Dikatakan WALHI dalam rilis yang diterima Kompas.comKamis (10/12/2009), teks berjudul DRAFT 271109 Decision 1/CP.15 Adoption of The Copenhagen Agreement Under the United Nations Framework Convention on Climate Change ini diduga disusun AS dan Denmark sejak lama dan difinalkan dalam ruang tertutup “Green Room”.

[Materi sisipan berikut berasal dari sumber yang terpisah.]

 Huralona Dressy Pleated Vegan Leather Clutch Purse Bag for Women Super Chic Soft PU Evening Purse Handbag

"Teks ini sama sekali tidak menyebut angka target pengurangan emisi negara maju pada tahun 2020. Baru pada tahun 2050 disebutkan bahwa negara maju akan memangkas emisi 80 persen di bawah tahun 1990. Selain itu, dia membuka kredit karbon sebagai offset pengurangan emisi domestik yang sifatnya suplemen. Namun, tidak ada quota yang jelas berapa besar toleransi offset diberikan. Dalam hal ini, meskipun sifatnya suplemen, boleh jadi kredit offset bisa mendekati 50 persen dari upaya mengejar target pengurangan agregat emisi nasional negara maju," demikian bunyi rilis itu.

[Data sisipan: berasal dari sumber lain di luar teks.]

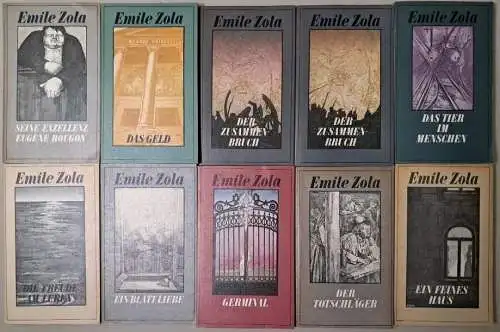 10 Bücher Die Rougon-Macquart, Zola, Emile, Rütten & Loening, Germinal, Leben...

Menurut WALHI, draf Copenhagen Agreement tidak memperhatikan dengan serius peringatan para ilmuwan yang mengatakan bumi tidak akan terselamatkan dari bahaya perubahan iklim jika temperatur naik mencapai 2 derajat Celsius dari suhu sebelum revolusi Industri.
"Indonesia sebagai negara kepulauan akan menanggung dampak yang sangat besar dengan apa yang akan diputuskan. Hasil kesepakatan yang tidak adil akan mengancam hilangnya 17.000 pulau akibat kenaikan permukaan laut. Saat ini saja, kenaikan permukaan laut di Jakarta mencapai 4.38 mm per tahun. Bila tidak ada kesepakatan yang mengikat negara-negara maju untuk mengurangi emisi karbonnya secara signifikan, Indonesia akan tenggelam," lanjut pernyataan itu.
Agar dunia terhindar dari bahaya tersebut, para ilmuwan merekomendasikan agar negara-negara industri maju setidaknya harus mengurangi emisinya sebanyak 40 persen dari tingkat tahun 1990 pada tahun 2020. Para aktivis organisasi non pemerintah pun mendukung usulan ini, seperti Friends of the Earth Internasional telah menggalang petisi secara internasional yang kini jumlahnya mencapai lebih dari 32.000 orang.
Sementara Berry Nahdian Forqan, Direktur Eksekutif Nasional WALHI, mengatakan bahwa sekarang adalah saat negara-negara di dunia harus memperlihatkan komitmennya menurunkan emisi tanpa embel-embel apapun termasuk offseting. "Karena kalau tidak sekarang maka akan sangat terlambat," ujarnya.